The MySQL Query cache is a result cache: The MySQL server will record all result sets that are small enough to keep in the cache, and a hash of the query that produced it. If a query meets certain requirements, and the hash of the same query string is ever seen again, the query will not be actually parsed and executed, but the same result set will be replayed.
There are mechanisms in place that prevent uncacheable queries from being cached in the first place, and that prune outdated data from the query cache.

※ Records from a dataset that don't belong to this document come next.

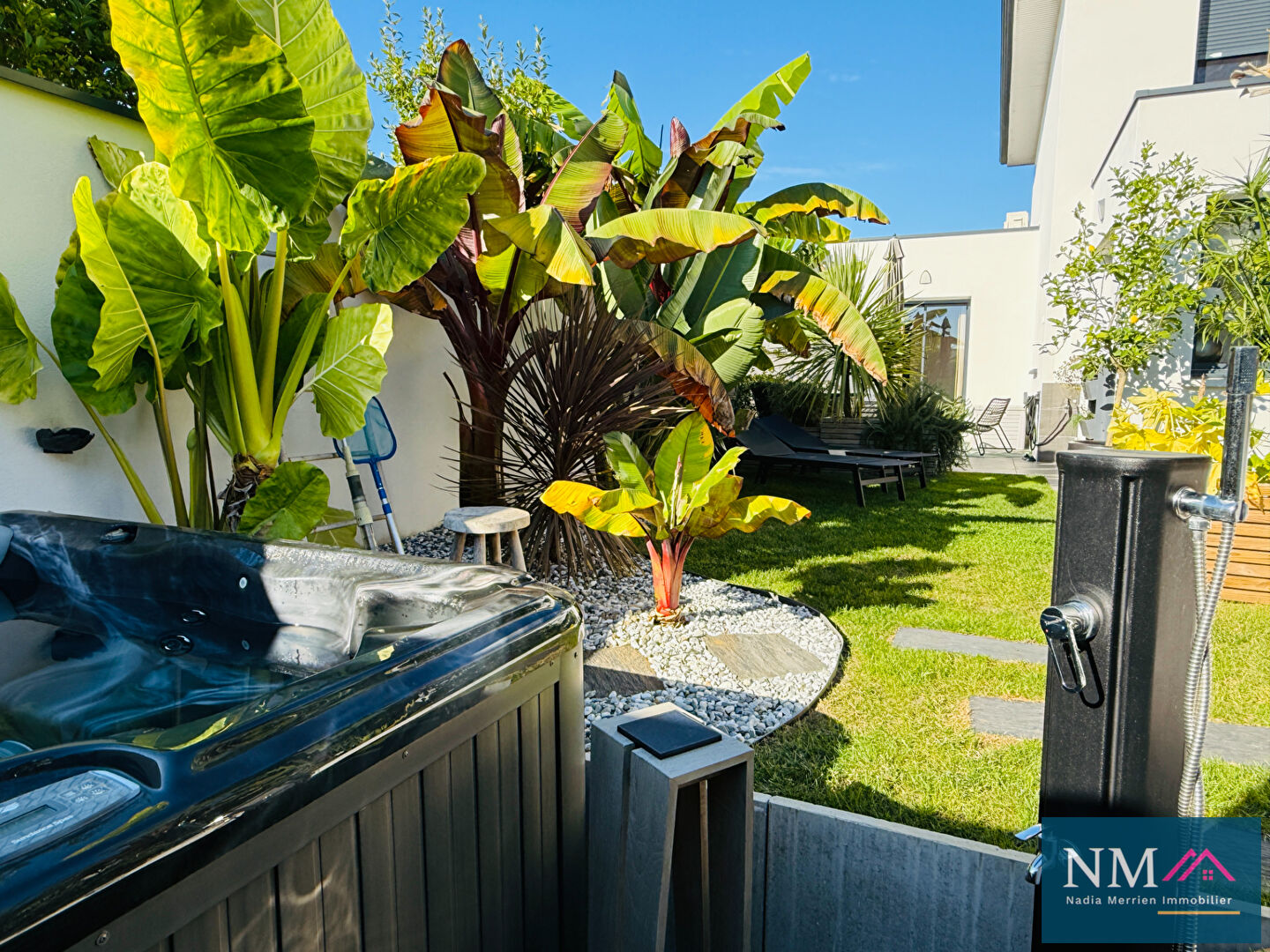 Agence immobilière de NADIA MERRIEN IMMOBILIER Urcuit - Agence NM IMMOBILIER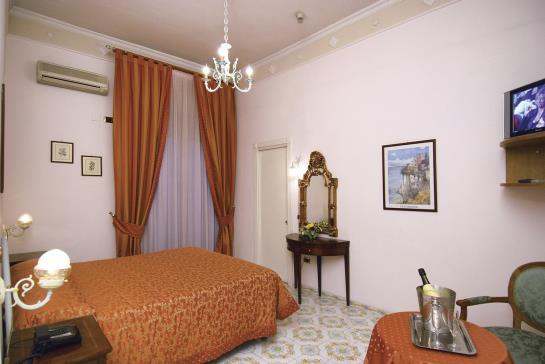 Hotel Amleto Napoles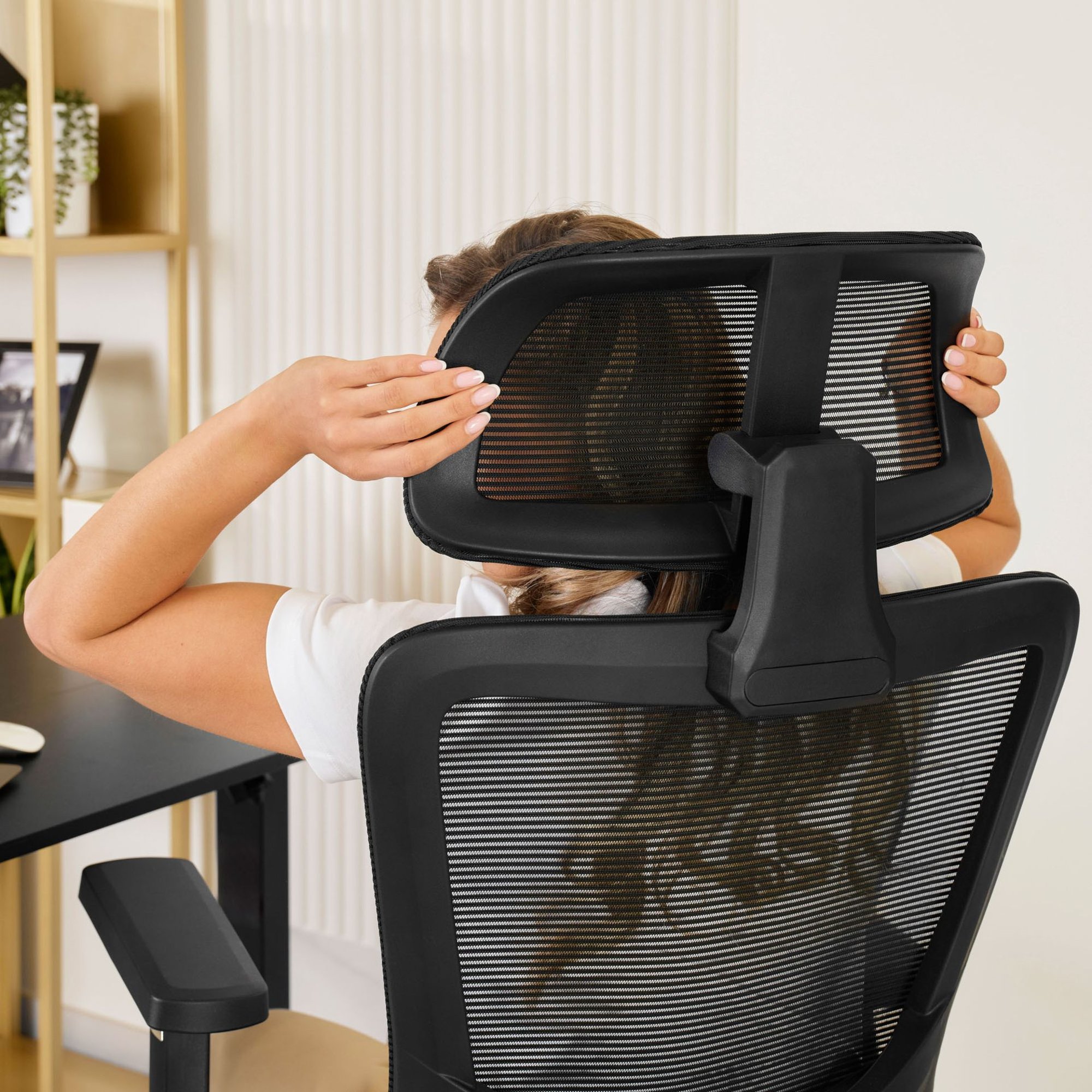 Hohe Rückenlehne mit verstellbarer 2D-Kopfstütze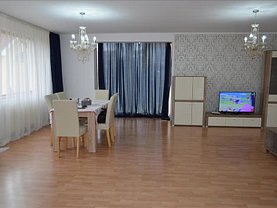 Casa de închiriat 4 camere, în Livezeni, zona Central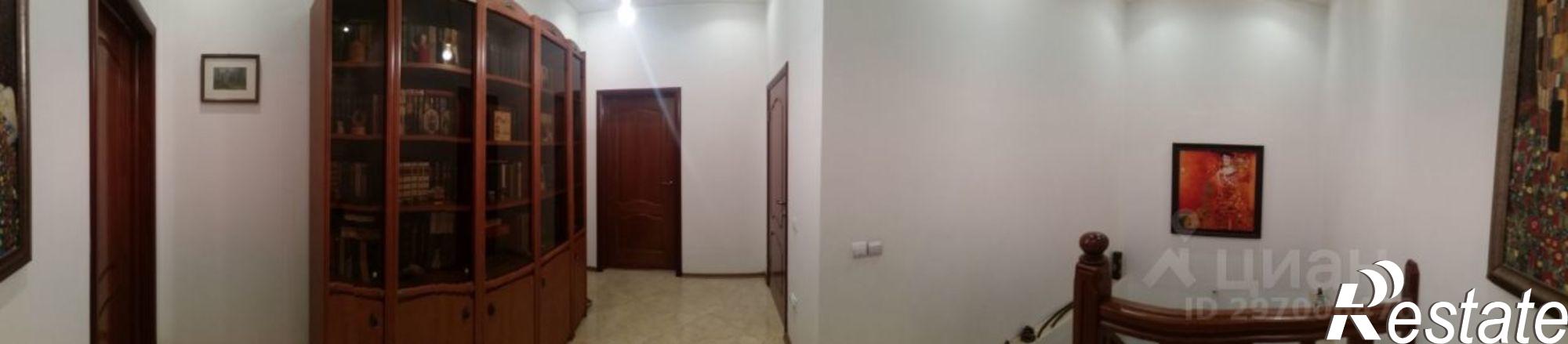 Купить дачу, дом, коттедж за 17 500 000 рублей на Комсомольская улица, 39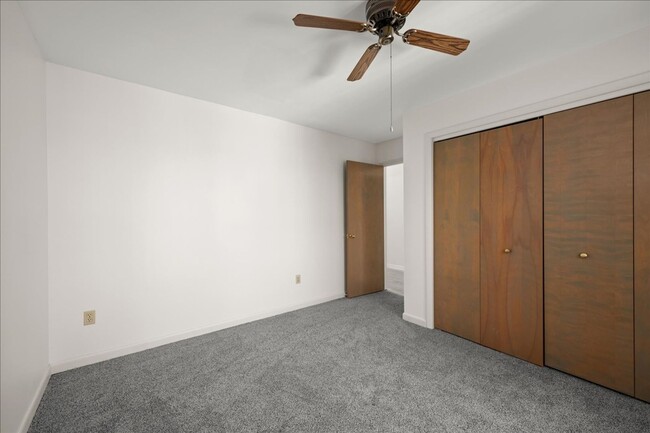 Building Photo - Yearly Rental: Spacious 3-Bedroom, 2-Bath ...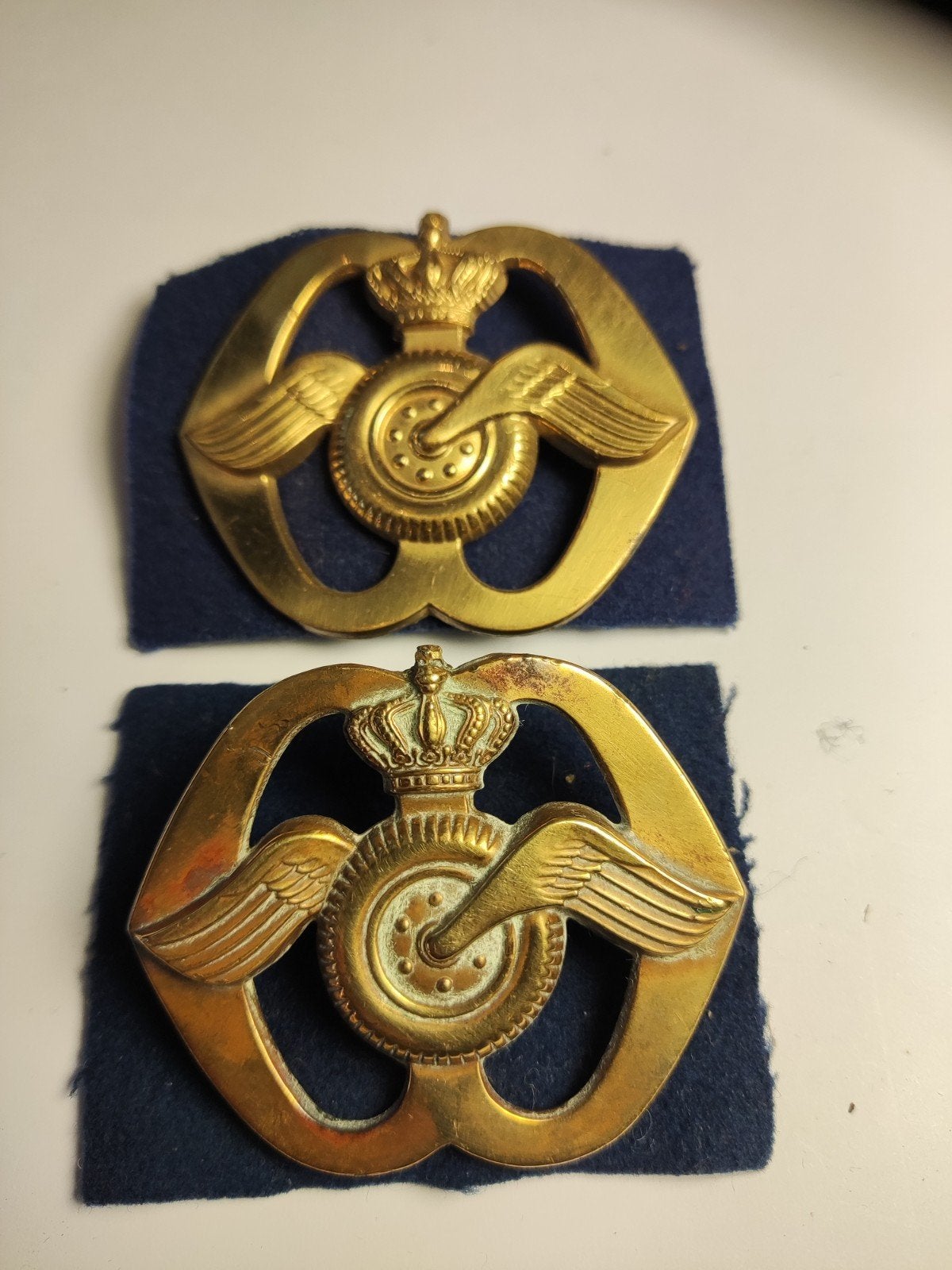 Baretemblemen 5 en 7 wielmoeren Aan en Afvoer Troepen (AAT), Ophalen of Verzenden, Landmacht, Nederland, Embleem of Badge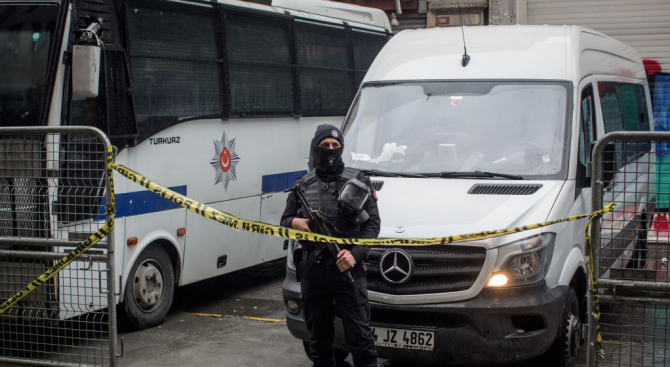 Шофьор заби автобус в спирка в Истанбул, ранени са 13 души 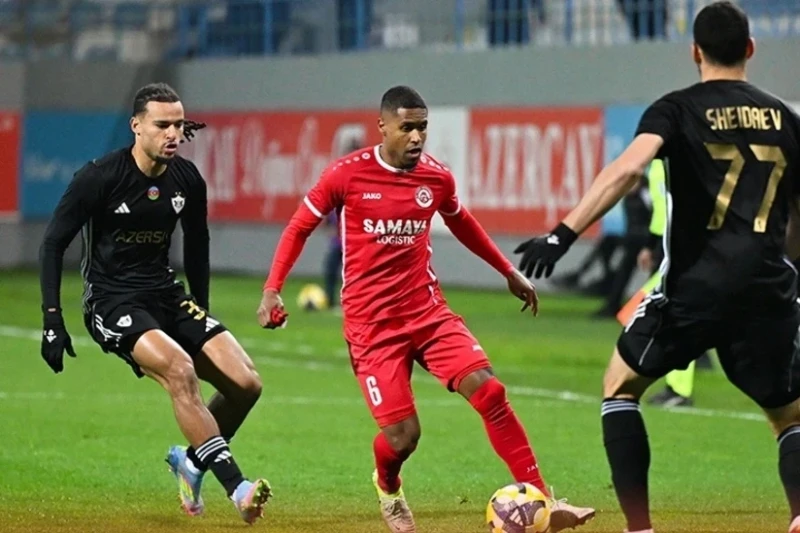 Qarabağ - Araz-Naxçıvan oyunu Azərbaycan çempionatları tarixində 6000-ci matç olub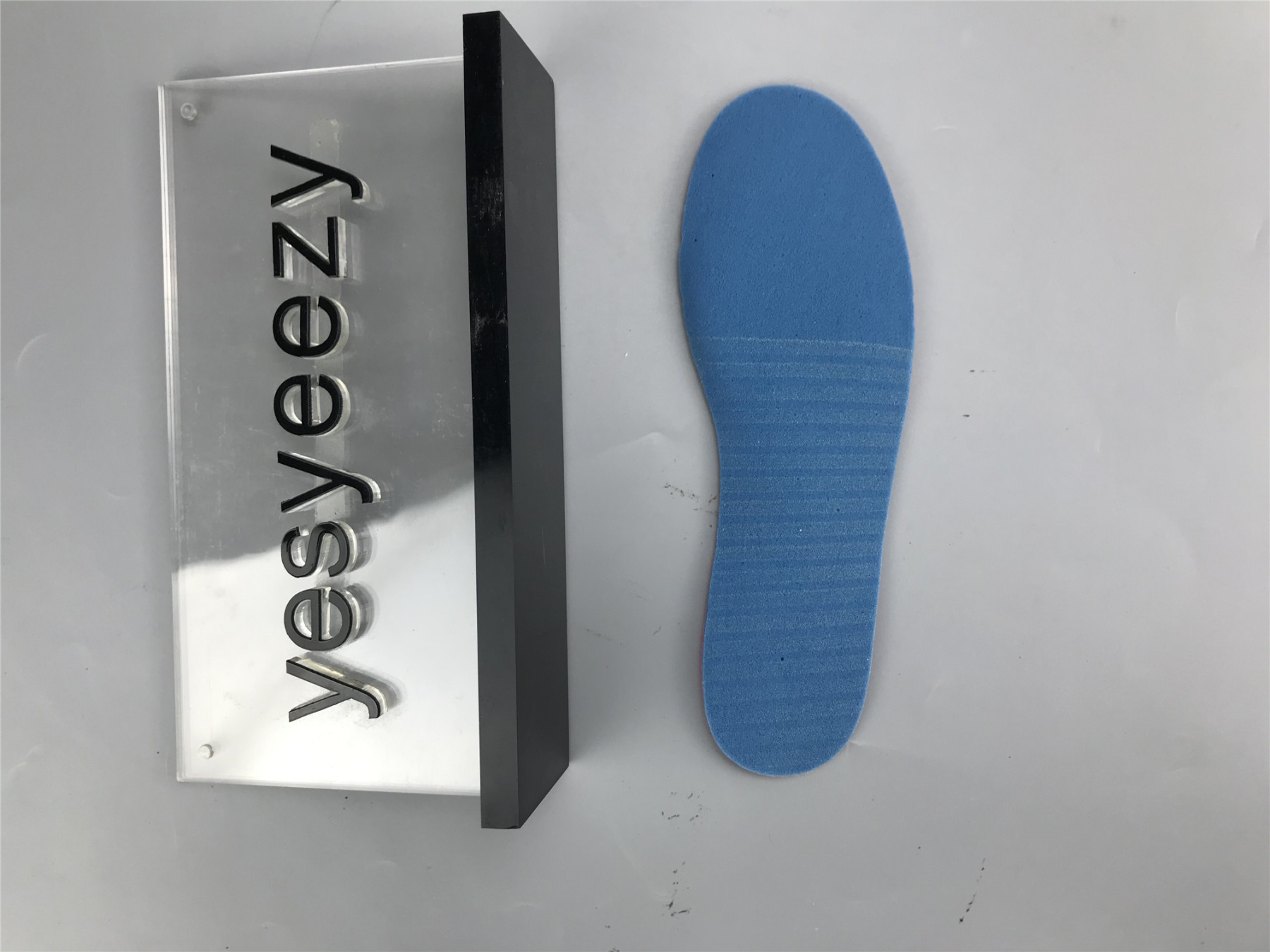 UA AIR JORDAN 1 MID SE GS 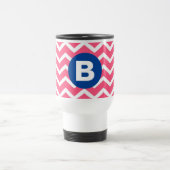 Helles Rosa und Weiß Chevron-Muster-Monogramm Reisebecher (Mittel)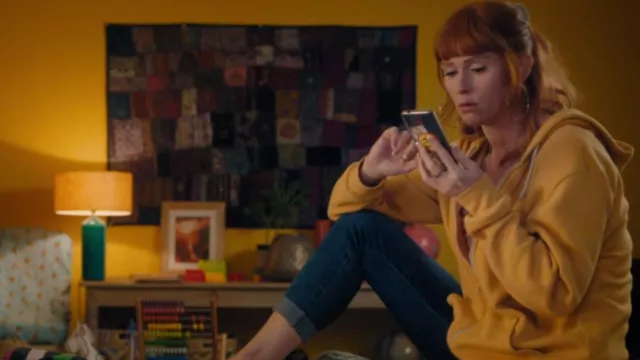 The yellow hoodie worn by Morgane Alvaro (Audrey Fleurot) in the HPI series: High Intellectual Potential (S01E06)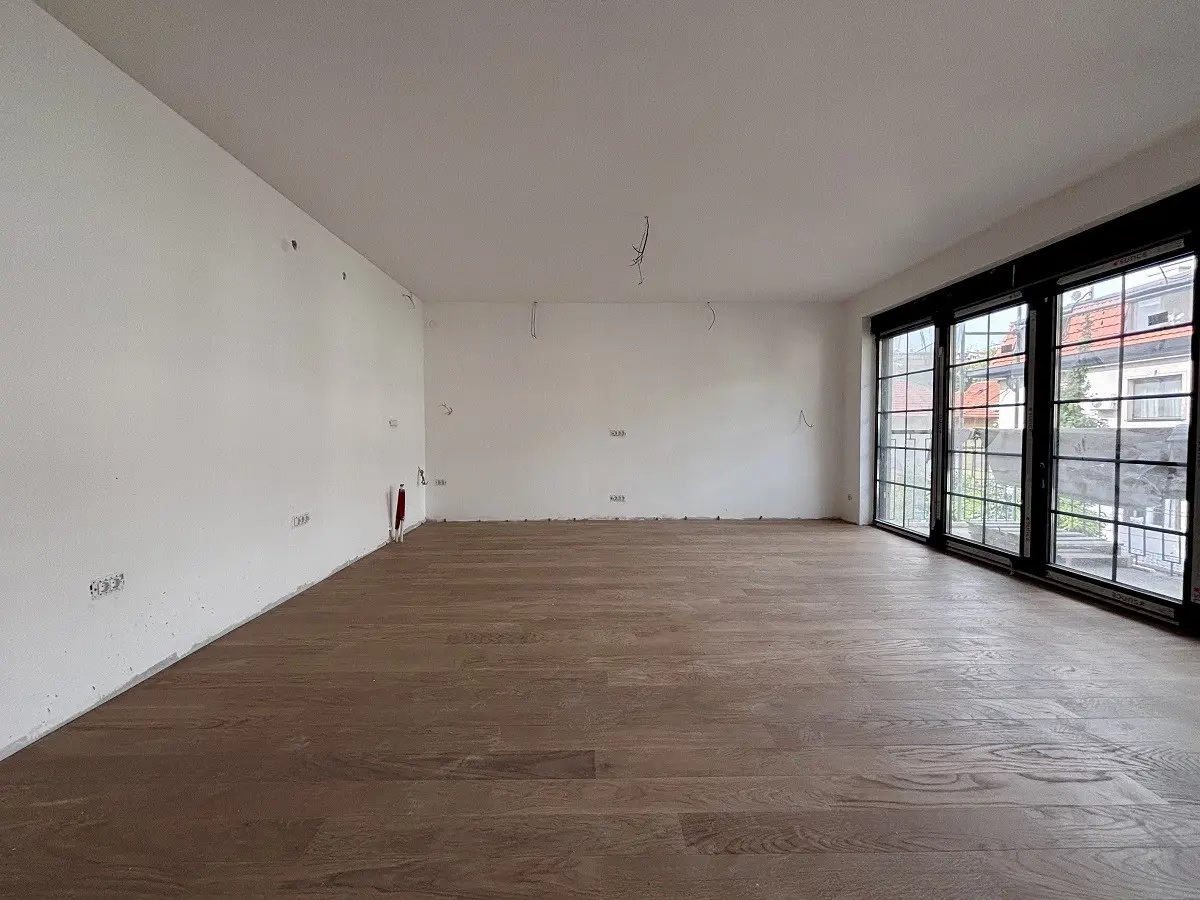 Beograd Vračar  novogradnja Četvorosoban stanovi 550000 evra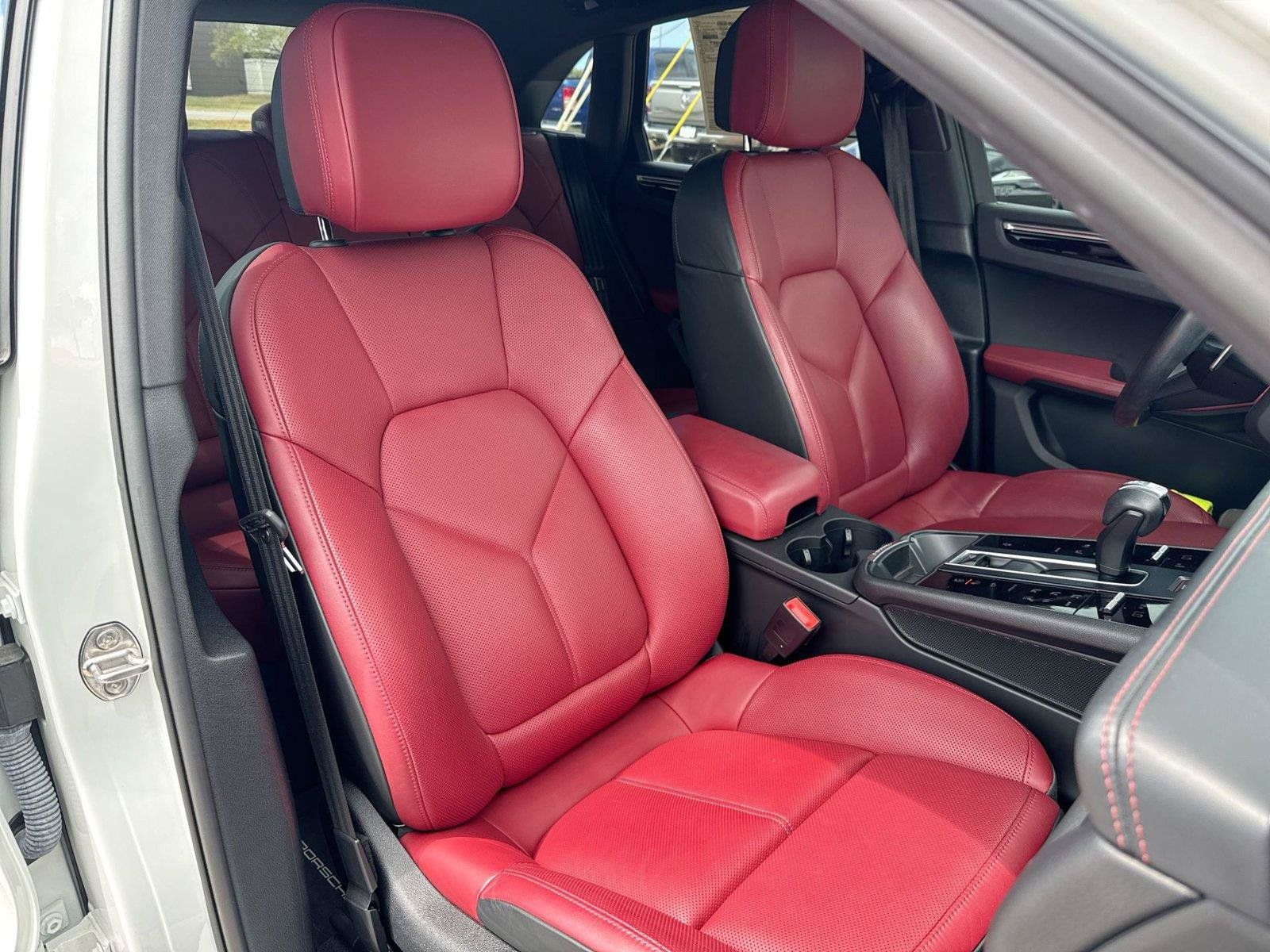 Used 2022 Porsche Macan AWD/4WD image 18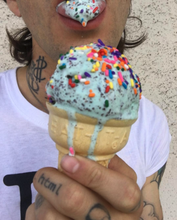 Load image into Gallery viewer, Jesse Rutherford Mint Chip iPhone Xr Case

The query cache exists in the first place, because it was easier to create than to teach every PHP CMS developer in the world about sessions. So instead of retrieving the current background color of the current theme over and over from the database, the query cache recognizes the current theme color query again and just replays “green” over and over.
But that was then.
The Query Cache was a hash, with a global lock. Whenever a write happens to a table, all cached results related to this table need to be pruned from the cache. For that, a global lock is taken out and all queries are being halted for the duration of the prune.
On a busy server, and with a large query cache, the locking time can be long enough to matter. Typically, one would run “innotop -Q -d 0.1” or similar, and suppress the display of idle queries. Typically a number of busy queries similar to the current load on the machine would be shown, so on a server with a load of 12 one would see 10-14 busy running queries.
Whenever there is a cache lock taken out and a prune going on, the queries would all be halted and pile up for a very short time. So on a server going at a brisk 4000-6000 queries per second, a few hundred would pile up for a very short time – innotop would show 10,12,10,14,532,10,9,11 queries and so on. This is called a flash pileup or flash pile.
As the load grows, write rate increases or the query cache is sized up, the flash pile frequency goes up, and eventually you get ghost “max connections” messages in the server log.
The solution is counterintuitive – increasing max connections won’t help, increasing the query cache size would make it worse. Disabling the query cache will improve the situation by removing the cause for the lock and the lock itself.
A similar thing happens on the upside of 11k QPS with the innodb Adaptive Hash index (AHI) for similar reasons on older versions of MySQL. Disabling the AHI (or upgrading to a non-broken version of MySQL) would help here.